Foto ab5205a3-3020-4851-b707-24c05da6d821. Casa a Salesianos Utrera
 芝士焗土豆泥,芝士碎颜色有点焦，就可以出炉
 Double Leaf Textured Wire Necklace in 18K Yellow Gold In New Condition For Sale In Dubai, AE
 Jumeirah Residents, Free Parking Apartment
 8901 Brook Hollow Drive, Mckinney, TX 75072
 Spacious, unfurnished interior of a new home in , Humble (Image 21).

-=-=-=-=-

Return every line of the listing, word for word.

Foto ab5205a3-3020-4851-b707-24c05da6d821. Casa a Salesianos Utrera
 芝士焗土豆泥,芝士碎颜色有点焦，就可以出炉
 Double Leaf Textured Wire Necklace in 18K Yellow Gold In New Condition For Sale In Dubai, AE
 Jumeirah Residents, Free Parking Apartment
 8901 Brook Hollow Drive, Mckinney, TX 75072
 Spacious, unfurnished interior of a new home in , Humble (Image 21).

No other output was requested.